(WORK TO BE COMPLETED):
Please write out the entire listing below exactly, excluding its pictures.

(EXCERPTED RECORDS):
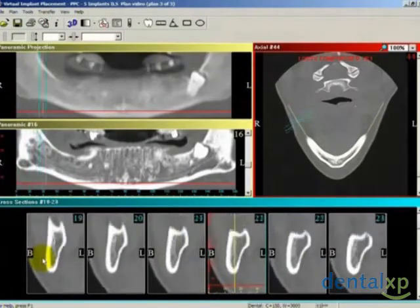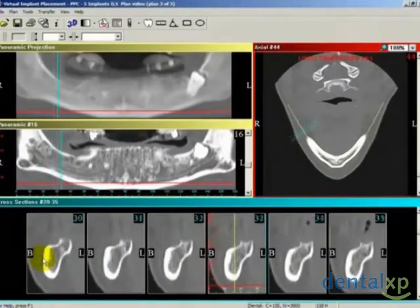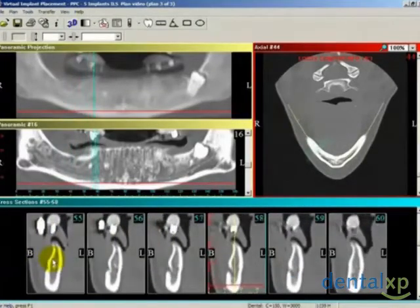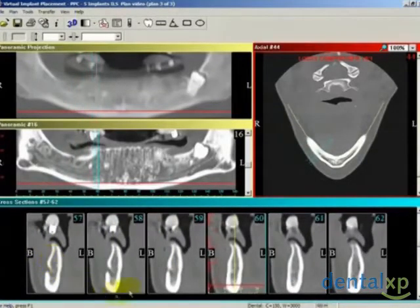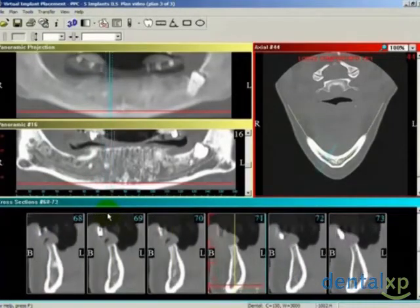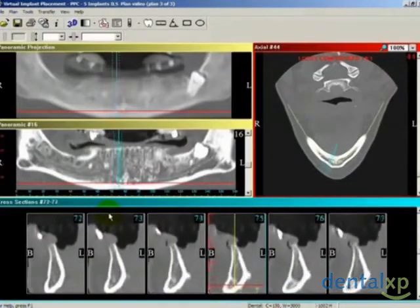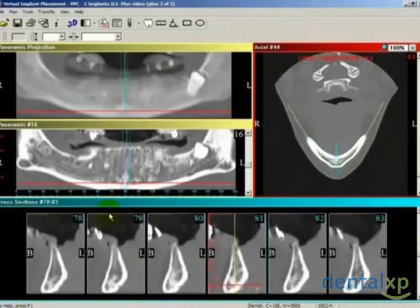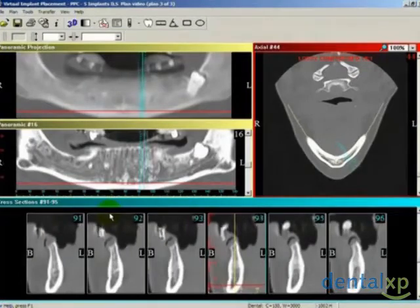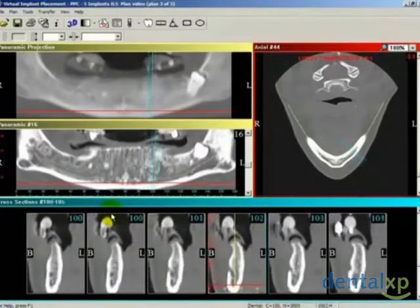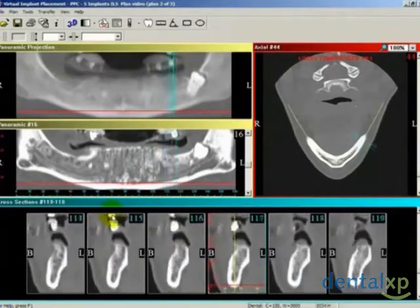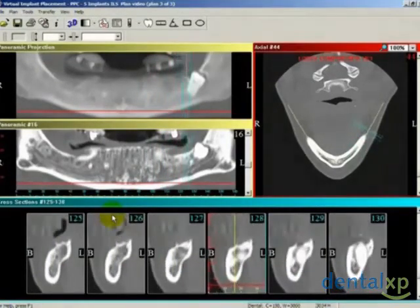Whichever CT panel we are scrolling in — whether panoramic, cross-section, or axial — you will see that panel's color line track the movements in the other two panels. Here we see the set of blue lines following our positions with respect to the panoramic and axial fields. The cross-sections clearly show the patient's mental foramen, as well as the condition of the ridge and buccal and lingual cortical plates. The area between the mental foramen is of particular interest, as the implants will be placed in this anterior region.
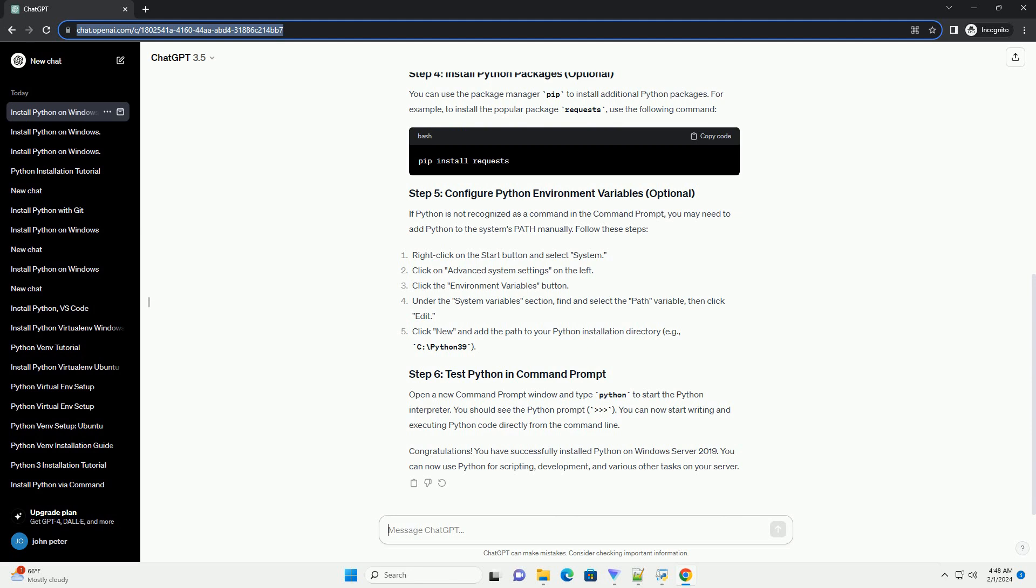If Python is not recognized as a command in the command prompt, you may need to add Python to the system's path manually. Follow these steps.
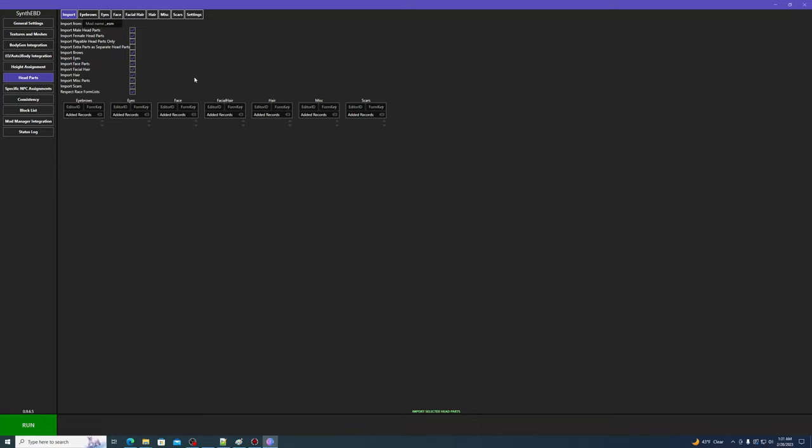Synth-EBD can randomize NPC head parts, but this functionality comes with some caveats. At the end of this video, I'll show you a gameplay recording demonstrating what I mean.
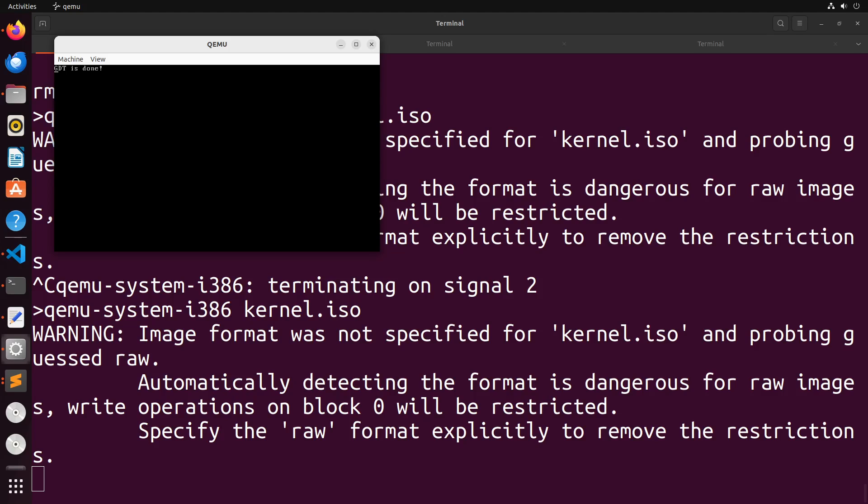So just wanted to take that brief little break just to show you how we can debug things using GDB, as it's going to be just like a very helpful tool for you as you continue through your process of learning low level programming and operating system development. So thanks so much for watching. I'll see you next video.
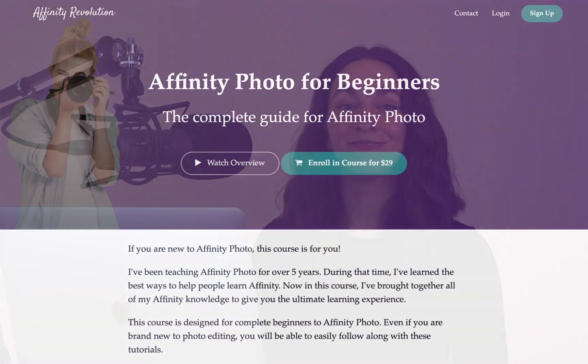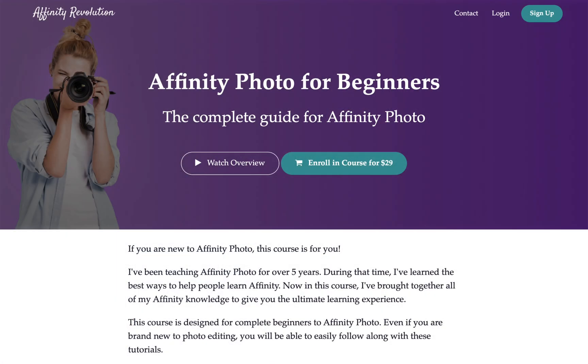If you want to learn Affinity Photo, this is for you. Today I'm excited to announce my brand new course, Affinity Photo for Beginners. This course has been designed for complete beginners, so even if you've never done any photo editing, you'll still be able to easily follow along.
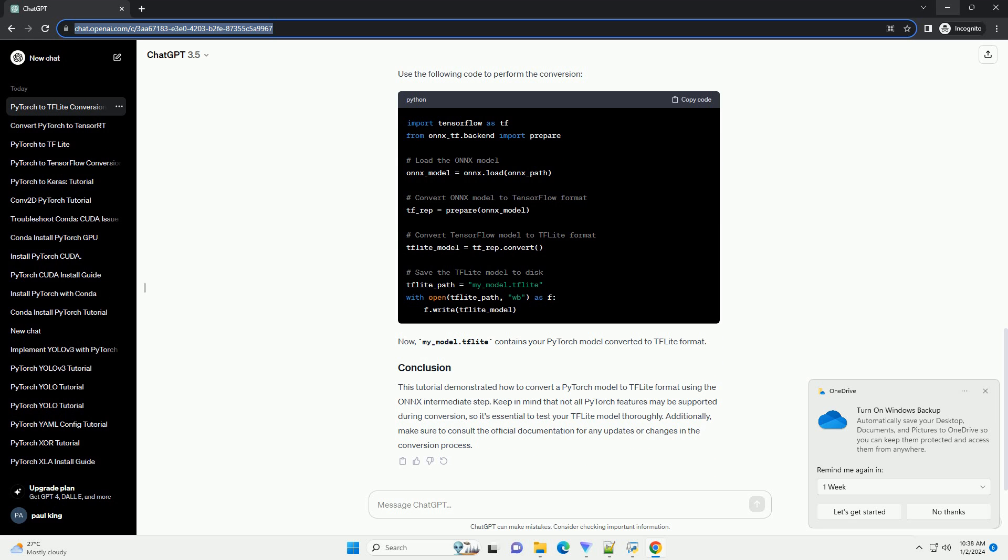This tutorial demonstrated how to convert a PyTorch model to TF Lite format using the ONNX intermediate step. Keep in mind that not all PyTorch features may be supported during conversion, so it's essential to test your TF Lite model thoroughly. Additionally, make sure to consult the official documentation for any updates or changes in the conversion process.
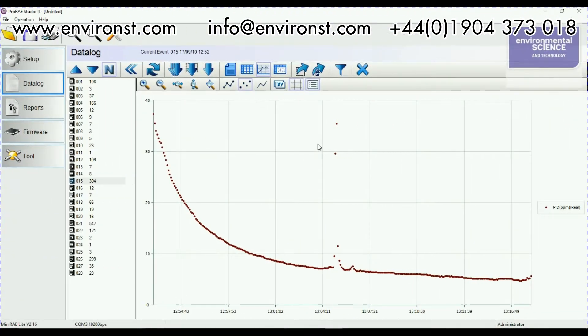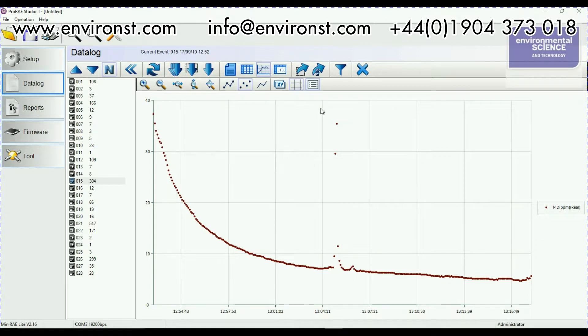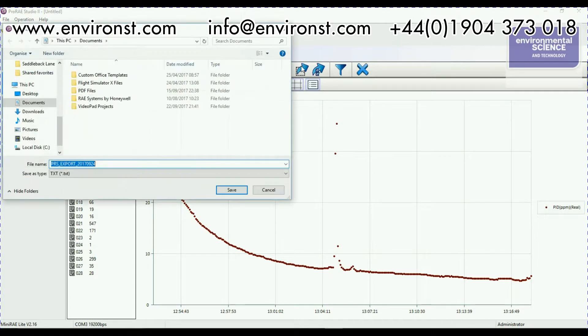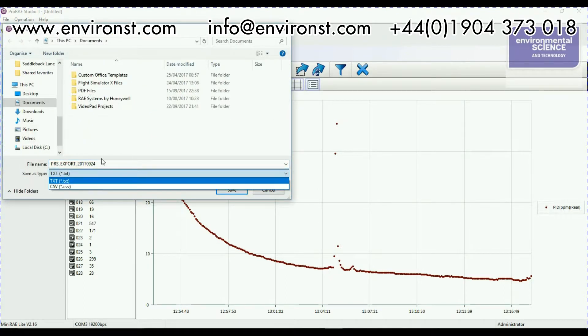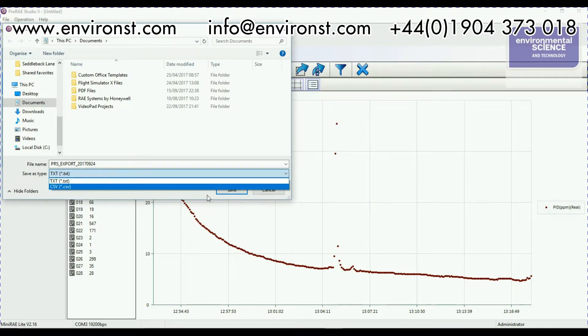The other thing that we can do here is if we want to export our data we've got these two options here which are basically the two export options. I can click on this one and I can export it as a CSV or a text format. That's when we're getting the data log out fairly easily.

(YOUR SOLUTION):
Whichever CT panel we are scrolling in — whether panoramic, cross-section, or axial — you will see that panel's color line track the movements in the other two panels. Here we see the set of blue lines following our positions with respect to the panoramic and axial fields. The cross-sections clearly show the patient's mental foramen, as well as the condition of the ridge and buccal and lingual cortical plates. The area between the mental foramen is of particular interest, as the implants will be placed in this anterior region.
If Python is not recognized as a command in the command prompt, you may need to add Python to the system's path manually. Follow these steps.
Synth-EBD can randomize NPC head parts, but this functionality comes with some caveats. At the end of this video, I'll show you a gameplay recording demonstrating what I mean.
So just wanted to take that brief little break just to show you how we can debug things using GDB, as it's going to be just like a very helpful tool for you as you continue through your process of learning low level programming and operating system development. So thanks so much for watching. I'll see you next video.
If you want to learn Affinity Photo, this is for you. Today I'm excited to announce my brand new course, Affinity Photo for Beginners. This course has been designed for complete beginners, so even if you've never done any photo editing, you'll still be able to easily follow along.
This tutorial demonstrated how to convert a PyTorch model to TF Lite format using the ONNX intermediate step. Keep in mind that not all PyTorch features may be supported during conversion, so it's essential to test your TF Lite model thoroughly. Additionally, make sure to consult the official documentation for any updates or changes in the conversion process.
The other thing that we can do here is if we want to export our data we've got these two options here which are basically the two export options. I can click on this one and I can export it as a CSV or a text format. That's when we're getting the data log out fairly easily.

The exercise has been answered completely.